| What the task requires |
Print the records again, matching each line exactly.

[Short descriptive text snippets]
########################################

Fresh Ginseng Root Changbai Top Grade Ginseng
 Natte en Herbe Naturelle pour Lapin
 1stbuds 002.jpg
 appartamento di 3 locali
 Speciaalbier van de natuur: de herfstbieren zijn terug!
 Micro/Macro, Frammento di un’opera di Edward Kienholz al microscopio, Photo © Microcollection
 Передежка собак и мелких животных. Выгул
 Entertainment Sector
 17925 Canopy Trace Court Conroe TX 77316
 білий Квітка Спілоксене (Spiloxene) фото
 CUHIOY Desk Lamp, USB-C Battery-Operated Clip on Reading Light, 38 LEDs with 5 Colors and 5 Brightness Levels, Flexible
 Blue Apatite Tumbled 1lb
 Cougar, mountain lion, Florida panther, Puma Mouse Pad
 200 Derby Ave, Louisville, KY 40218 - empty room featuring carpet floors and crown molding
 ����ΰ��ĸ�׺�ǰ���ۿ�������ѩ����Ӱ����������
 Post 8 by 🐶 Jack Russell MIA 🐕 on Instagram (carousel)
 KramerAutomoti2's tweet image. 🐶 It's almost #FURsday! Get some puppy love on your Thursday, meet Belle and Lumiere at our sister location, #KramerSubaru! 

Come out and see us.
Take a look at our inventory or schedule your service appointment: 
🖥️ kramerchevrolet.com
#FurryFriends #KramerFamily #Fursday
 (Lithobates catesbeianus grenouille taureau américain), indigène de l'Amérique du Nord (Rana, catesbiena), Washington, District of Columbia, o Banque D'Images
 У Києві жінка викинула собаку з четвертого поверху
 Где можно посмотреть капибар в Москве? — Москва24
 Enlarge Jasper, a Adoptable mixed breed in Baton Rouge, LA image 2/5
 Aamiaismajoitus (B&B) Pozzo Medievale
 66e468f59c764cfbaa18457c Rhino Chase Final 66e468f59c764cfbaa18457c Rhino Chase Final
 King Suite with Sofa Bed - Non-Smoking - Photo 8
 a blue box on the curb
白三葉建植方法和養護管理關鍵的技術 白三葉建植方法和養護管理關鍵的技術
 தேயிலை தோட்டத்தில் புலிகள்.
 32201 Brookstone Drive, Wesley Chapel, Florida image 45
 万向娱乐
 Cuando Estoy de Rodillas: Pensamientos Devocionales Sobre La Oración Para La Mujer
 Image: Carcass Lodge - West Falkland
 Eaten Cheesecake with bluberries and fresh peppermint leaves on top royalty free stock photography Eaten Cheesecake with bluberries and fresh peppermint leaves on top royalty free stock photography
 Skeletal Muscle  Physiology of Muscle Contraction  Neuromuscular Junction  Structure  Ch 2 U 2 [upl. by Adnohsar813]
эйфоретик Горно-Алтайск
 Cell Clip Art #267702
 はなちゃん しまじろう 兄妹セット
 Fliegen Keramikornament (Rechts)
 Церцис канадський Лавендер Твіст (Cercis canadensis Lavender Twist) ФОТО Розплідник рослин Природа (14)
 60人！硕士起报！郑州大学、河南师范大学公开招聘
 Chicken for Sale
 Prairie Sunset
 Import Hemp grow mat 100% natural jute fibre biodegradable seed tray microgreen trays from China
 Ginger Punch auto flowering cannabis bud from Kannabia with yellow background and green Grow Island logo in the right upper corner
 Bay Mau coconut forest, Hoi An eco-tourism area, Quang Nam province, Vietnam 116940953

########################################

| Output of the exercise |
Fresh Ginseng Root Changbai Top Grade Ginseng
 Natte en Herbe Naturelle pour Lapin
 1stbuds 002.jpg
 appartamento di 3 locali
 Speciaalbier van de natuur: de herfstbieren zijn terug!
 Micro/Macro, Frammento di un’opera di Edward Kienholz al microscopio, Photo © Microcollection
 Передежка собак и мелких животных. Выгул
 Entertainment Sector
 17925 Canopy Trace Court Conroe TX 77316
 білий Квітка Спілоксене (Spiloxene) фото
 CUHIOY Desk Lamp, USB-C Battery-Operated Clip on Reading Light, 38 LEDs with 5 Colors and 5 Brightness Levels, Flexible
 Blue Apatite Tumbled 1lb
 Cougar, mountain lion, Florida panther, Puma Mouse Pad
 200 Derby Ave, Louisville, KY 40218 - empty room featuring carpet floors and crown molding
 ����ΰ��ĸ�׺�ǰ���ۿ�������ѩ����Ӱ����������
 Post 8 by 🐶 Jack Russell MIA 🐕 on Instagram (carousel)
 KramerAutomoti2's tweet image. 🐶 It's almost #FURsday! Get some puppy love on your Thursday, meet Belle and Lumiere at our sister location, #KramerSubaru! 

Come out and see us.
Take a look at our inventory or schedule your service appointment: 
🖥️ kramerchevrolet.com
#FurryFriends #KramerFamily #Fursday
 (Lithobates catesbeianus grenouille taureau américain), indigène de l'Amérique du Nord (Rana, catesbiena), Washington, District of Columbia, o Banque D'Images
 У Києві жінка викинула собаку з четвертого поверху
 Где можно посмотреть капибар в Москве? — Москва24
 Enlarge Jasper, a Adoptable mixed breed in Baton Rouge, LA image 2/5
 Aamiaismajoitus (B&B) Pozzo Medievale
 66e468f59c764cfbaa18457c Rhino Chase Final 66e468f59c764cfbaa18457c Rhino Chase Final
 King Suite with Sofa Bed - Non-Smoking - Photo 8
 a blue box on the curb
白三葉建植方法和養護管理關鍵的技術 白三葉建植方法和養護管理關鍵的技術
 தேயிலை தோட்டத்தில் புலிகள்.
 32201 Brookstone Drive, Wesley Chapel, Florida image 45
 万向娱乐
 Cuando Estoy de Rodillas: Pensamientos Devocionales Sobre La Oración Para La Mujer
 Image: Carcass Lodge - West Falkland
 Eaten Cheesecake with bluberries and fresh peppermint leaves on top royalty free stock photography Eaten Cheesecake with bluberries and fresh peppermint leaves on top royalty free stock photography
 Skeletal Muscle  Physiology of Muscle Contraction  Neuromuscular Junction  Structure  Ch 2 U 2 [upl. by Adnohsar813]
эйфоретик Горно-Алтайск
 Cell Clip Art #267702
 はなちゃん しまじろう 兄妹セット
 Fliegen Keramikornament (Rechts)
 Церцис канадський Лавендер Твіст (Cercis canadensis Lavender Twist) ФОТО Розплідник рослин Природа (14)
 60人！硕士起报！郑州大学、河南师范大学公开招聘
 Chicken for Sale
 Prairie Sunset
 Import Hemp grow mat 100% natural jute fibre biodegradable seed tray microgreen trays from China
 Ginger Punch auto flowering cannabis bud from Kannabia with yellow background and green Grow Island logo in the right upper corner
 Bay Mau coconut forest, Hoi An eco-tourism area, Quang Nam province, Vietnam 116940953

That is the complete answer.